This coming weekend, I’ll be joining alumni from the two Bill Clinton presidential campaigns who will gather in Little Rock, Arkansas, on the 20th anniversary of Mr. Clinton’s declaration for the presidency on October 3, 1991.
It was in that announcement speech that Mr. Clinton articulated that he intended to follow a different path than traditional Democratic Party liberal orthodoxy, appealing to the middle class, political moderates, and independents. “The change we must make isn’t liberal or conservative,” he said. “It’s both, and it’s different….People don’t care about the idle rhetoric of ‘left’ and ‘right’ and ‘liberal’ and ‘conservative.’
It was in that announcement speech that Bill Clinton set forth the three themes that would be the hallmark of his two terms as president, setting out a “third way,” a “New Democrat” approach to governance.
He called for commitment to a “new covenant” for a “new generation of Democrats,” founded by three values or goals of government: “more opportunity… more responsibility…[and] a greater sense of community for this great country.”
On “opportunity,” he called for more choices in public schools, standards and accountability in the classroom, reforming health care to control costs, and “making our cities and our streets safe from crime and drugs.”
No liberal orthodoxy there.
With opportunity, he reminded us, must come responsibility. His first example – printed in all italics in the text of the speech made available to reporters – was his promise to end welfare. “We should insist that people move off welfare rolls and onto work rolls. We should give people on welfare the skills they need to succeed, but we should demand that everybody who can work and become a productive member of society.”
And he promised a new kind of unity based not on enforced conformity but on encouraging a “spirit of community, a sense that we are all in this together….And we will rise or fall together…[with] a greater sense of common purpose.”
The political results? Prior to 1992, Democrats had lost five out of six previous presidential elections by landslides. But Bill Clinton rewrote the electoral map and made the Democratic Party a national party for the first time in more than two decades – winning states long written off by Democrats – in the Deep South, Border States, the Sun Belt, and western and Rocky Mountain States.
In the final analysis, perhaps Bill Clinton’s greatest historic legacy – ironic given the political polarization and hyper-partisan congressional Republicans that marked his last two years as president – may have been his ability to bring us together.
I remember being lucky to share a magical moment in the White House on a sunny morning in the East Room in June 2004. President and Mrs. Clinton had returned to the White House for the unveiling of the official presidential and First Lady Portraits. President Bush said some gracious words about Bill and Hillary Clinton, thanking them for “filling this house with joy and energy.”
Then Bill Clinton took the podium and thanked President Bush for his “generous words to Hillary and me.”
Looking directly at President Bush, he continued: “The President, by his generous words to Hillary and me today, has proved once again that, in the end, we are held together by this grand system of ours that permits us to debate and struggle and fight for what we believe is right…And I hope that I’ll live long enough to see American politics return to vigorous debates where we argue who’s right and wrong, not who’s good and bad.”

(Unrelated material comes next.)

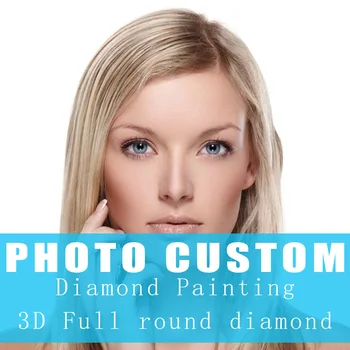 

Photo Custom Diamond Painting Cross Stitch Full round Picture of Rhinestone 5D DIY Diamond Mosaic Diamond Embroidery Sale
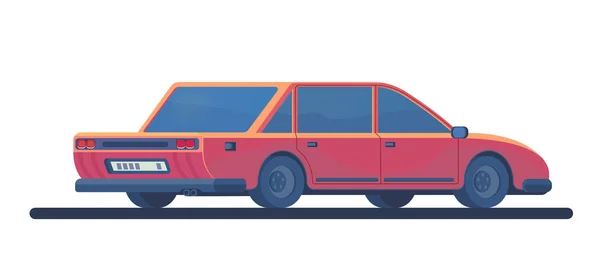 Vista trasera del coche. Ilustración vectorial aislada en blanco. Estilo plano . — Vector de stock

The room filled with Clinton friends and supporters roared its approval with a standing ovation. President Bush stood and applauded too – pointing at President Clinton, a gesture of affirmation. Mr. Clinton pointed back. You could see a special bond occurring between the two at that moment that, I believe, continues to this day.
The memory of that moment gives me hope that it should still be possible to disagree agreeably; to debate the great issues facing our country without demonizing the opposition.
Let’s hope our presidential candidates in 2012 will carry forward that most important part of Bill Clinton’s legacy.